When evidence of a wreck didn't add up after forensic investigation, Janice Bonnell confessed to investigators and was indicted on Aug. 28.
Investigators verified that Bonnell hit her husband with a wooden bat while he slept in their travel trailer home in Seadrift.
Bonnell placed her husband's body to make it appear he had been killed by a hit-and-run driver.
Janice Bonnell originally told investigators that her sister, Betty Roney, 50, helped plant the body, Sheriff B.B. Browning said.
Roney remains in the Calhoun County Jail on a possession of marijuana charge and other charges from out-of-state warrants, Heard said.
After their June 28 arrest, Bonnell claimed she had been abused and said she killed her husband out of fear for her own safety, according to a news release from the district attorney's office.
Those claims turned out false, Heard said.
The Bonnells had moved to Seadrift from Indiana a few months before the murder. Family and friends back home in Indiana were glad to see justice done.
Brett Bonnell had some problems, but he got along well with people and worked hard to support his family, Helmut Meng, supervisor of Erwin Gardens in Columbus, Ind., said.
Meng, 57, hired Brett 14 years ago to work on the estate grounds.
"Initially, we were stunned," Meng said about finding out a friend died.
Meng had talked to Brett just two weeks earlier, who seemed excited about a job interview.
"He just sounded so happy," Meng said. "In my heart, I'm thinking, 'I really hope things work out for Brett.'"
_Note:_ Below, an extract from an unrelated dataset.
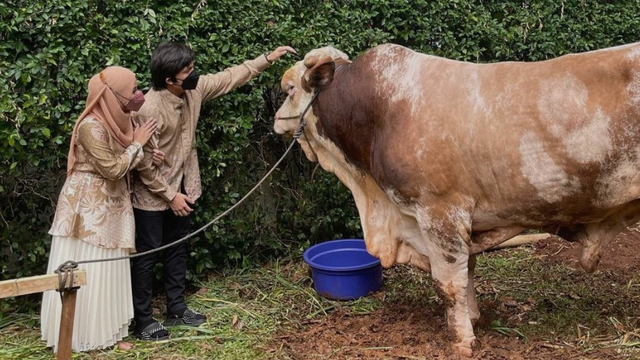 Atta dan Aurel berfoto bersama sapi grandong yang menjadi hewan qurbannya. Foto: Instagram/@aurelie.hermansyah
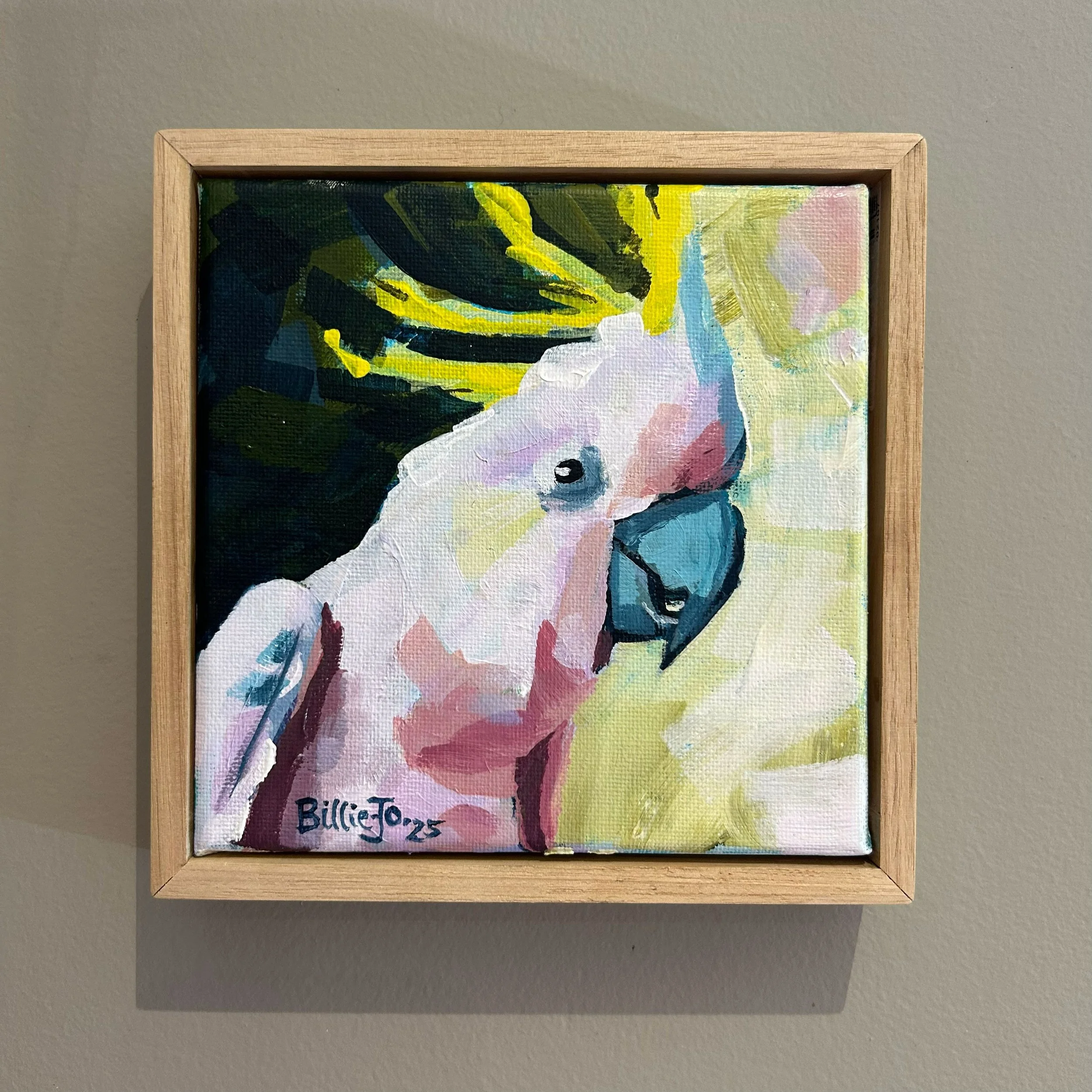 Sulphur-crested cockatoo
But friends warned him about staying with his wife and following her to Texas, he said. But he didn't want his marriage to fall apart, Meng added.
Meng said Janice Bonnell was always in control and he fell victim to the whims of his wife and her sister.
"How do you explain a criminal mind? You would hate to think it was for that measly, little insurance money," he said. "It was sad, it really was."